Arianespace operates a family of rockets at Europe’s Spaceport: Ariane 5, Vega, and Soyuz. This launch site is surrounded by jungle and covers 690 km2. It is an ideal location for launching rockets for several reasons.
First, at only 5 degrees north of the equator, the rockets launched here can benefit from the ‘slingshot effect’ due to the speed of Earth’s rotation, increasing their performance as they already travel at over 300 m/s when they lift off. Also, an open ocean towards the east and north offers a large range of possible launch trajectories away from populated areas.

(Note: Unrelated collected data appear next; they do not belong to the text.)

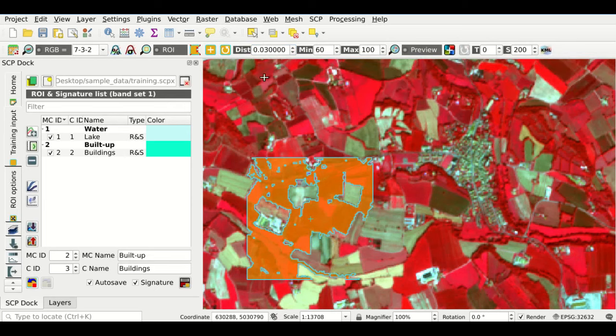Of course, we have created a classification with the bare minimum number of regions of interest, so there are several errors. For instance, water is classified as built up. We need to add more regions of interest to create a better classification.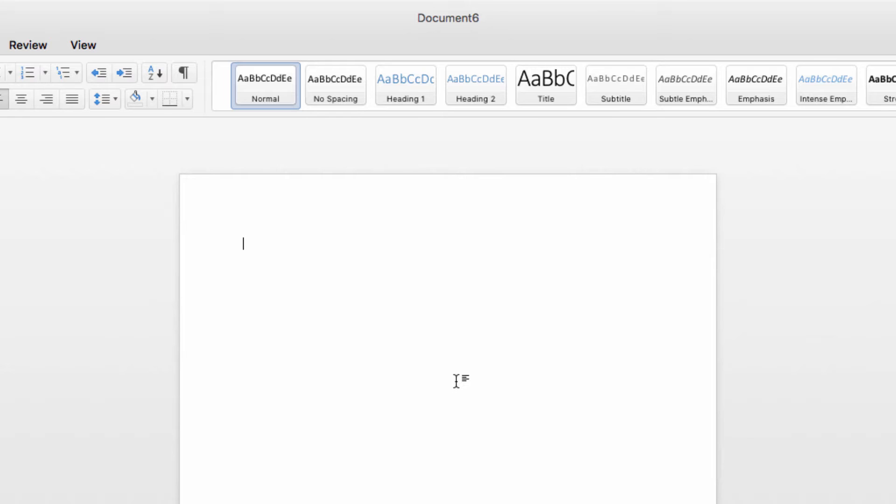In fact, if you've watched any of the other videos that we've produced that provide help with Microsoft Word, there's a really good chance that you've seen sample text used there.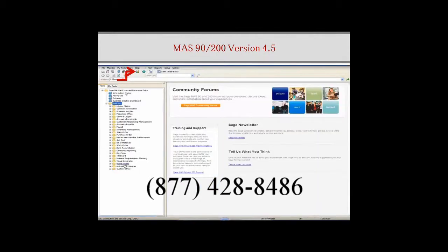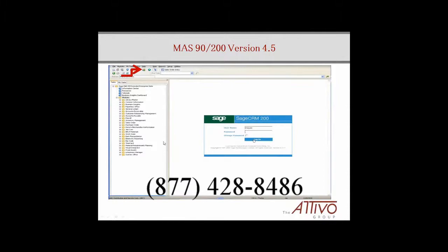This should all be familiar to you. You have your MAS 90 tree down the left and your regular MAS 90 welcome screen. But if you notice, there's a different icon up here that allows you to log into the CRM system. You push on that icon and you come to the CRM screen — and you always have your MAS 90 tree down here to the left that you can access throughout your experience with Sage CRM.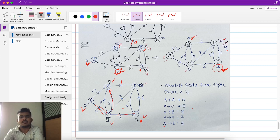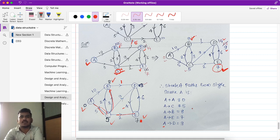This is all about Dijkstra's algorithm. Similarly, we have the topic of minimum cost spanning tree, for which we already discussed two algorithms. This is all about Dijkstra's algorithm — in the next video we will see about dynamic programming. Thank you so much.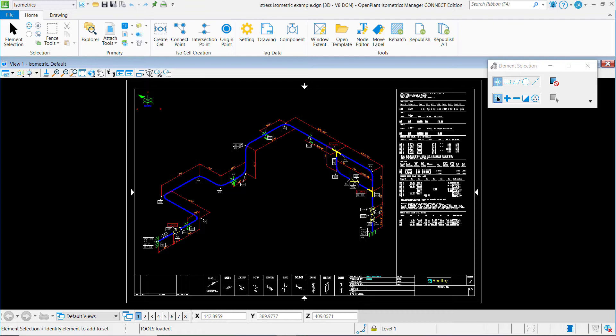Next, we'll go through a few helpful tips for working with your isometric in MicroStation or OpenPlant Isometrics Manager. This is outside of AutoPipe, but generally useful for anyone who's working with a stress isometric.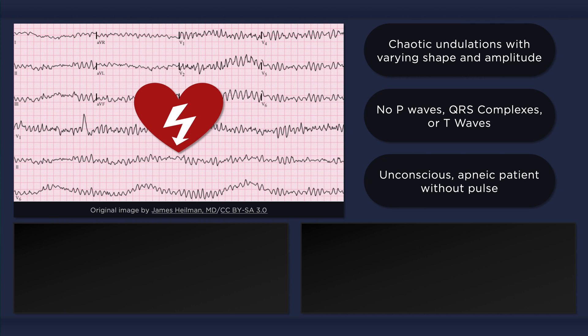Fortunately, ventricular fibrillation is one of the shockable rhythms. Cardiopulmonary resuscitation should be provided while the defibrillator is being obtained, and a shock should be delivered once the rhythm is identified. Following the shock, CPR should resume for 2 minutes before another pulse and rhythm check is performed. CPR commences immediately after the shock is delivered, and it is essential to keep interruptions in CPR to a minimum.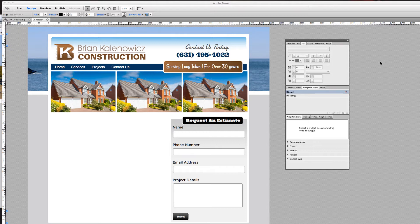In today's lesson, I'm going to teach you all in Adobe Muse how to work with type, and specifically through a program called Adobe Typekit, which is actually a plugin to Adobe Muse.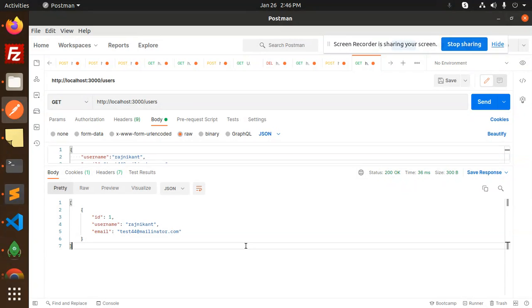We are successfully connected to MySQL using Prisma in NestJS. Any doubts or queries, do let me know in the comment section. The next video will cover CRUD REST API operations using NestJS, MySQL, and Prisma. Thank you so much for watching — see you in the next video.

Finally, this region has a very low risk of cyclones or earthquakes which is important when such delicate operations are taking place.
Europe’s powerful and highly reliable heavy-lift workhorse has an excellent track record spanning more than 100 launches and three decades. Ariane 5’s ample fairing, 5.4 m diameter and 17 m high, provides enough space for Webb’s folded spacecraft components, sunshield, and mirrors.
Ariane 5 is well suited for science satellites with proven capability to send missions to the second Lagrange Point (L2). Ariane 5 will release Webb directly on a path towards L2 (Lagrangian Point 2)* on which it will continue for four weeks, eventually arriving at L2 which is four times farther away than the Moon is from Earth.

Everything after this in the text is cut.